1. Neurons are simple units in a nervous system at which information processing occurs.
2. Incoming information are signals that are passed between neurons through connection links
3. Each connection link has a corresponding weight which multiplies the transmitted signal.
4. Each neuron applies an activation function to its net input which is the sum of weighted input signals to determine the output signal

The first ANN was designed by Warren McCulloch and Walter Pitts in 1943 whose efforts were complemented in 1949 by Donald Hebb, the psychologist at McGill University who developed the first learning law for ANNs. Today, different types of ANN exist, all broadly under the single/multilayer feed forwards, and feed backwards categories.

The application areas for ANN include:

1. Pattern Recognition/Classification: Optical Character Recognition (OCR).
2. Biometrics: Speech Recognition.
3. Signal Processing.
4. Control Systems
5. Stock Market Prediction

## Fundamental Unit of the ANN (The Neuron)

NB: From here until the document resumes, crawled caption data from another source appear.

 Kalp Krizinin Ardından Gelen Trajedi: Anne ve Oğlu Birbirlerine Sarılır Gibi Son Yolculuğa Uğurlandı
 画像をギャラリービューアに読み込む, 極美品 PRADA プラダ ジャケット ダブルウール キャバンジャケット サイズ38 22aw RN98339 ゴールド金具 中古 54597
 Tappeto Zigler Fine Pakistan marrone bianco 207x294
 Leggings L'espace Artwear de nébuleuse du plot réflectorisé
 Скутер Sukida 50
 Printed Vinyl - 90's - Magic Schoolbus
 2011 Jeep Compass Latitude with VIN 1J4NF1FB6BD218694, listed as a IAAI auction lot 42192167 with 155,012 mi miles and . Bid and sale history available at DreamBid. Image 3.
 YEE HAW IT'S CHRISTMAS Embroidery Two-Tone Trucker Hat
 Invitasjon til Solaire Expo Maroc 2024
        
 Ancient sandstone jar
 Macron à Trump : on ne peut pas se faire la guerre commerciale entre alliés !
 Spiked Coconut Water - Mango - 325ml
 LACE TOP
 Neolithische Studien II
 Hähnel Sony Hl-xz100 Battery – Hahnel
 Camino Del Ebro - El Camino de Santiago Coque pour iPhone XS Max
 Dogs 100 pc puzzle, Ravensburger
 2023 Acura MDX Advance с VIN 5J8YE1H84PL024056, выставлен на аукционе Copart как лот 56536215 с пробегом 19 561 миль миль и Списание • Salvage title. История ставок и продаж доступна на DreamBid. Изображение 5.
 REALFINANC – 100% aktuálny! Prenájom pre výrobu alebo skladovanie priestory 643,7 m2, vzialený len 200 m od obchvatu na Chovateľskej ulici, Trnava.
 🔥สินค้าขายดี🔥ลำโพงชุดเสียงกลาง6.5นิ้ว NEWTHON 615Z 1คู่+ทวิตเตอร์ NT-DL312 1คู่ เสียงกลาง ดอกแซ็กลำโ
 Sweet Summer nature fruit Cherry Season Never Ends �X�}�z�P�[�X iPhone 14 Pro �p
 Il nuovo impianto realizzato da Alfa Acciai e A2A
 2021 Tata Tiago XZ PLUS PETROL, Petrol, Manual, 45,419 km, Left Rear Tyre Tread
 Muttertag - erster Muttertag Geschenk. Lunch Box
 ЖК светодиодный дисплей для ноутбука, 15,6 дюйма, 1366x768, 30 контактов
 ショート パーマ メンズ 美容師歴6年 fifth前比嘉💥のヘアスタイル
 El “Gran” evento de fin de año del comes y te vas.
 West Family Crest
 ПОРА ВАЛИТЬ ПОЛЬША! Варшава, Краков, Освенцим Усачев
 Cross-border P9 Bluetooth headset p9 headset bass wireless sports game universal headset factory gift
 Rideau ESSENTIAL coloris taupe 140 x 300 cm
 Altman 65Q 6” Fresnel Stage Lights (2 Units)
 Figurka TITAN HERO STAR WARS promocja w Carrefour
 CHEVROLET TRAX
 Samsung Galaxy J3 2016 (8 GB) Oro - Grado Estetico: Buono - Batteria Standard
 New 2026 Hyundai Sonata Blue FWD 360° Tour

Artificial neurons are the constitutive units in an artificial neural network. Depending on the specific model used they may be called a semi-linear unit, Nv neuron, binary neuron, linear threshold function, or McCulloch–Pitts (MCP) neuron. The neuron performs two functions, namely, collection of inputs & generation of an output. Each node output depends only on the information that is locally available to it, at its node, either stored internally or arriving via the weighted connections. As each unit receives inputs from many other nodes, it transmits its output to yet another set of nodes, however, by itself, a single processing element is not very powerful; it generates a scalar output with single numerical value, which is a simple non-linear function of its inputs. The power of the system emerges when layers of these fundamental units (neurons) are cascaded together into a network generally called the Artificial Neural Network. Figure 2.2 below shows a schematic representation of the artificial neuron and its mode of operation.

Diagram 3: An ANN Neuron

$$Output =Activation Function{( \sum_0^n (x(n) * w(n)) + Bias )} \dots (1)$$

$$x = Inputs$$

$$w = Weights$$

An initial choice of random weights is given to the connections between the various layers on neurons in the network. Inputs coming in to each of the neurons in the network are multiplied by the respective weights of their connection path while the neuron sums up these inputs with its own bias and then passes the net input through a specified activation function which has a threshold value. If the result of the computation performed by the activation function exceeds the threshold value, an output is triggered, otherwise, no output is triggered. This is analogous to the model of signal processing used by the BNN. It is also important to note that these weight values changes as the network gets tuned over time.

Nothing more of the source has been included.